In this case, it’s not that he’s trying to claim copyright for himself based on coming up with a prompt. He’s spent years applying for patents and copyrights with the AI listed as the creator.
In other words, it’s not that he as the human operating the “AI” is trying to claim copyright in his own name, it’s that he’s trying to set a precedent where the “AI” can hold copyright in its own name.
He’s trying to pretend that his glorified pile of statistics is sentient, and get it legally recognized as such. 🤡
Exactly.
Most of the comments in this thread are accusing him of trying to take credit for the work of a machine that’s just imitating other work. It’s the FuckAI echo chamber and people who didn’t actually read the article.
In this case, it’s more like he’s claiming to have created a genuinely creative being that deserves rights previously reserved for humans (like copyrights and patents).
It’s a completely different (and IMO, much weirder) story than people are assuming.
He can copyright his software then?
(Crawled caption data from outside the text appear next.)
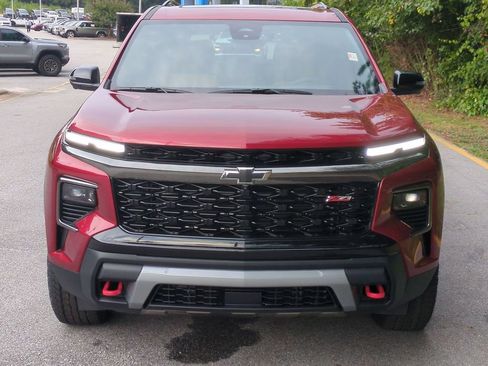New 2027 Chevrolet Traverse Z71 w/ Driver Confidence Package AWD/4WD image 9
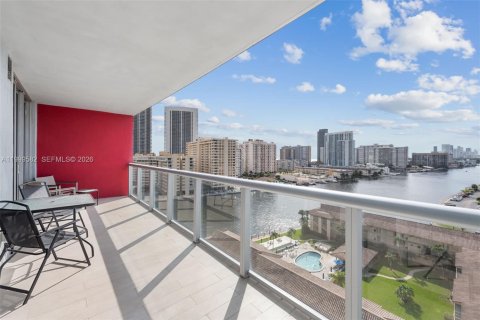 Condo à Hallandale Beach, Floride, 2 chambres  № 2256369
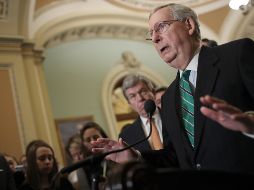 El líder de la mayoría republicana, Mitch McConnell, puso en marcha el proceso a fin de que a partir de mañana se empiecen a hacer las votaciones. AFP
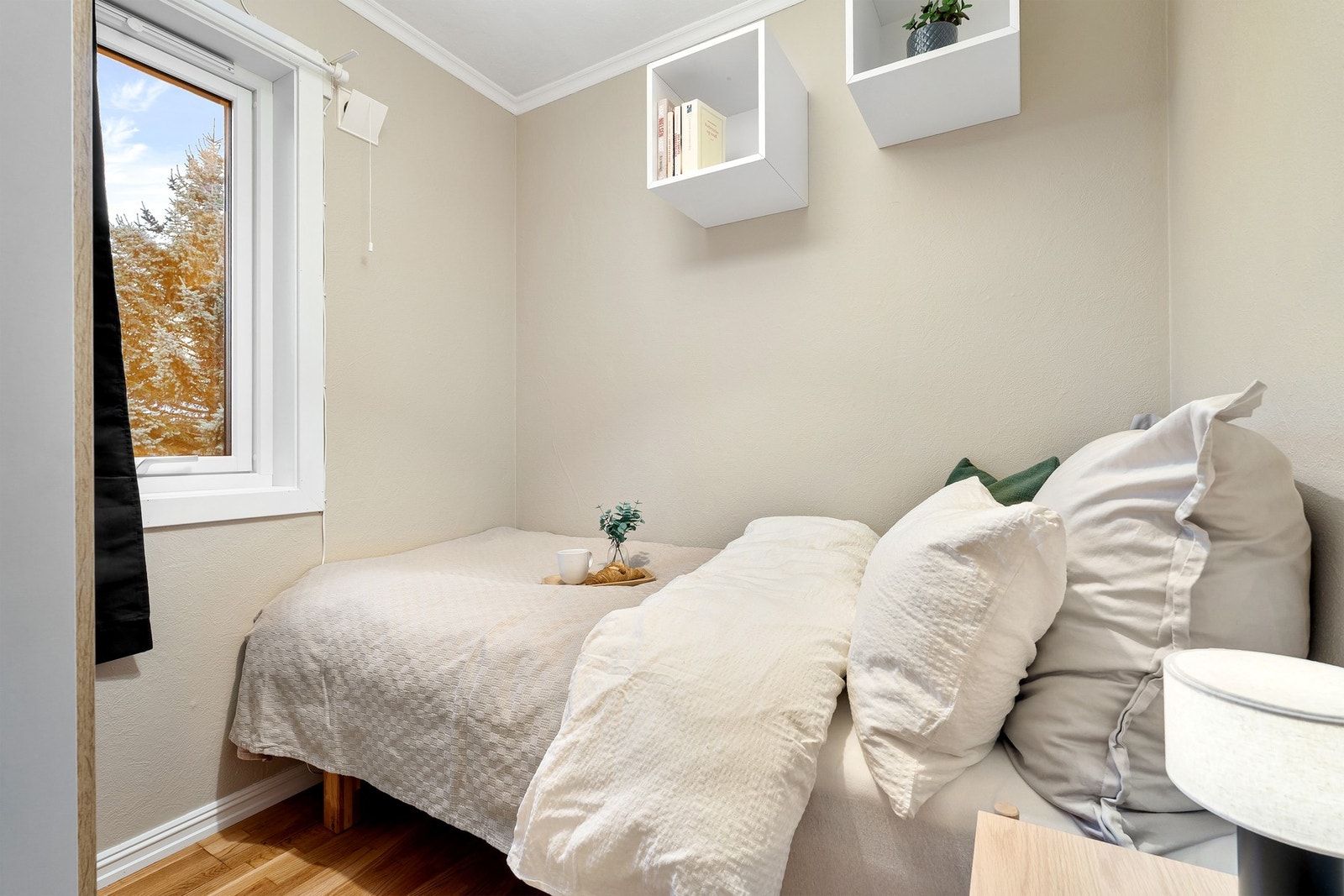 Soverommet måler 4 m² med plass ønsket seng og tilhørende møblement. Galleribilde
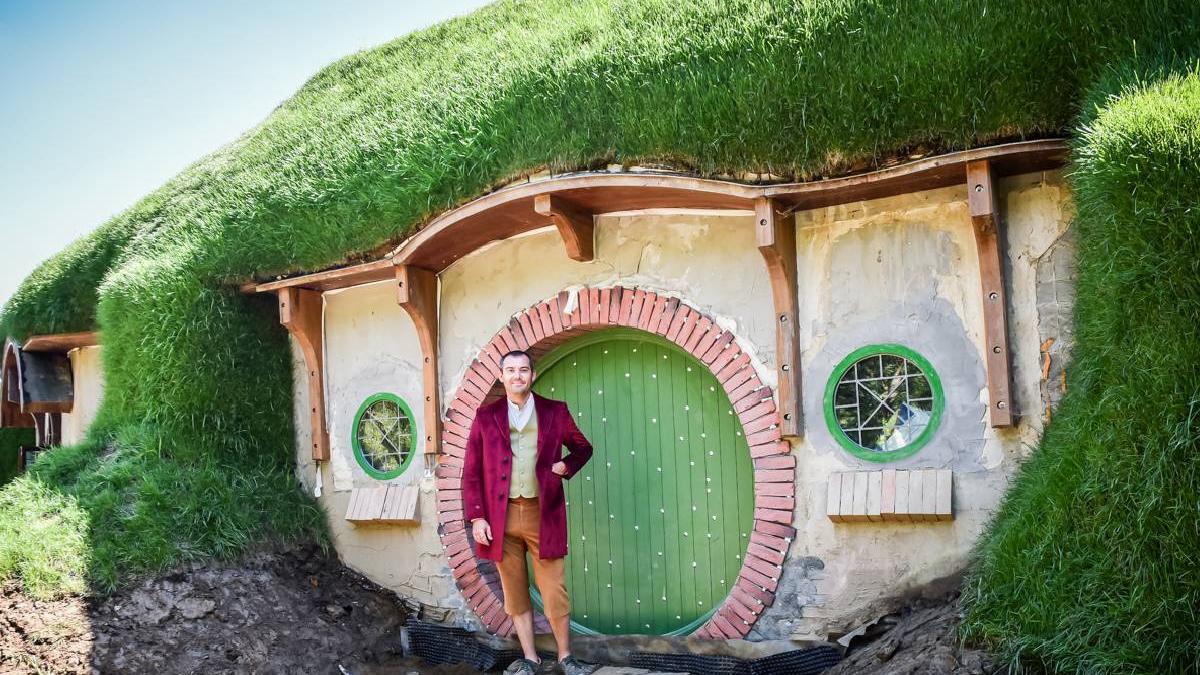casa hobbitilor nou obiectiv turistic marginea sibiului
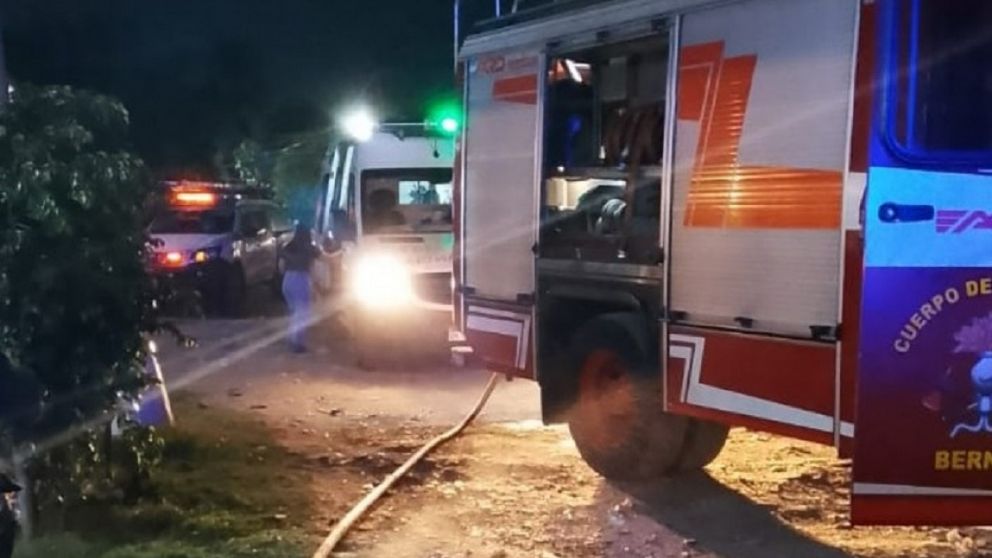 Noche de p�nico: una persona result� herida en un incendio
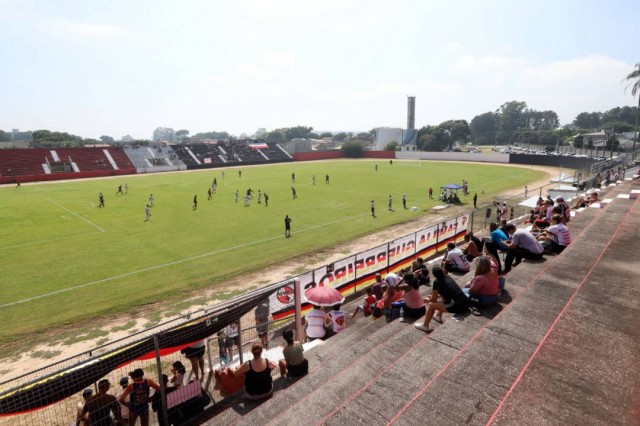 Celso autoriza uso do estádio municipal por time de São José por até quatro anos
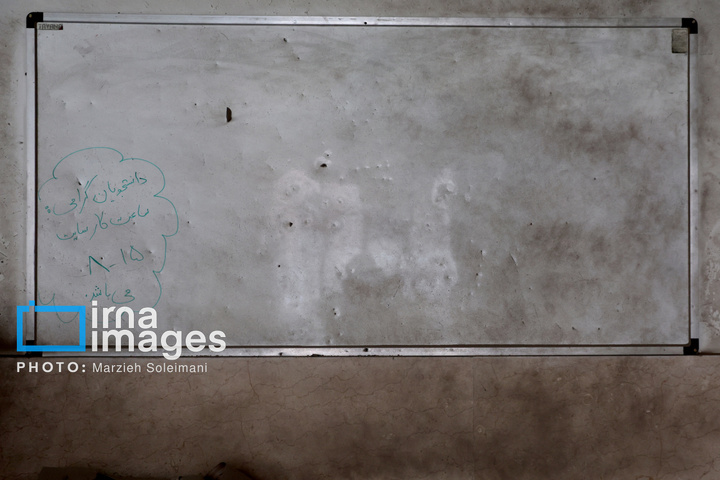 آثار حملات هوایی به دانشگاه علم و صنعت ایران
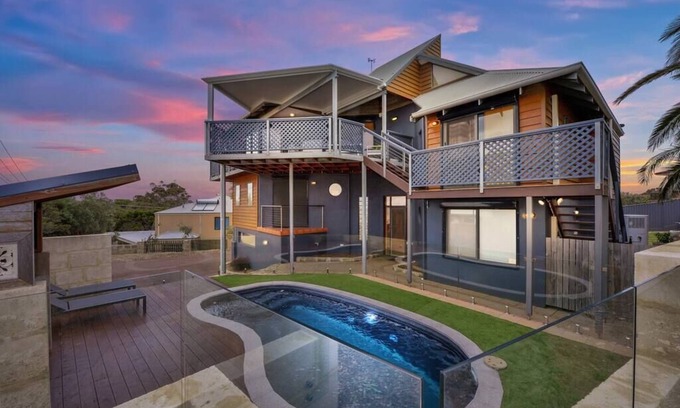 Falcon Casa | Endless Summer Beach House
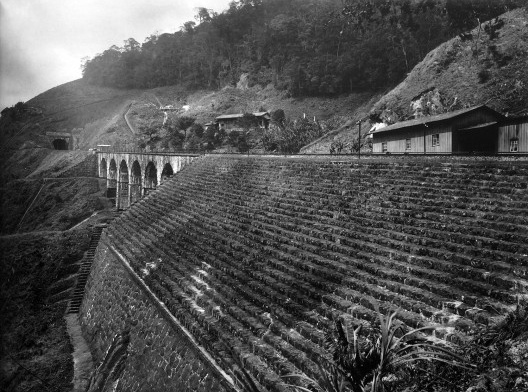 Viaduto nº 10 (então viaduto nº 13) após o término das obras, s/d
That’s like saying that if I create a computer game where the computer also plays, I own the copyright to every single game played by the computer. It’s just dumb. They stole the artwork that it was trained on, so move along thief.
Is there any literature that actually says DABUS exists? Everything I see online is talking about the spectacle of Stephen Thaler claiming it made something - and trying to patent it in several different countries across multiple continents - not how (or if) DABUS exists or functions.
DABUS stands for “Device for the Autonomous Bootstrapping of Unified Sentience,” which sounds… suspicious.
Yeah… Checking his website at https://imagination-engines.com/founder.htm, he certainly seems like an “interesting” character.
Well this is quite the rabbit hole.
https://web.archive.org/web/20200219183352/http://initsimage.org/
Eternal life 🥳
It sounds like he has way too much money and time on his hands.
This is not remotely what the case was actually about.
Supreme Court Tells AI Enthusiast To Get Wrecked
How can you copyright something you didn’t make?
In the same way Disney owns the copyright of what their workers made.
That’s not what this case was about.
With enough money, I guarantee anybody could have their copyright stolen from right under their noses.
The fuck you talking about? You can’t copyright the output of an AI.
Law or something
Why would anyone think that they could copyright something that they didn’t make?
Maybe you can trademark the prompt or whatever, but in the end of the day, you didn’t make shit, so why would you own the copyright?
In the immortal words of everyone ever, pick up a fucking pencil.
That’s not what this case was about. Thaler wasn’t trying to copyright the image himself.
Gonna be fun times in courts as anyone can claim something was generated by AI even if an artist claims they created it.
I wonder if this will end up limited to art or can be expanded to other copyrighted works.
It’s not generally difficult at all for an artist to prove that they are the original creator of a certain piece. My photography for example is available for anyone for free and in high resolution but I’m the only one with the full resolution pictures and RAW files. So much data is lost when a picture is compressed into .jpg format.
Seems impossible to me but I’m not an artist - I write code as a hobby and see no way to definitively prove I wrote any code that an AI could also produce. Is there any aspect of art creation that an AI cannot replicate?
You don’t have drafts or anything that can show the history of development? I write as a hobby and I have tons of drafts that show the development of my stories over time. If somebody tried to claim my works were AI, I could easily dispute that.
I don’t know how to write code myself, but intuitively it seems a little different in this case.
When it comes to photography, I can show the original unedited RAW file with full resolution and full metadata and everyone else just has a lower-resolution JPG. The same thing applies to most digital art.
Can you, though? What if you didn’t save it?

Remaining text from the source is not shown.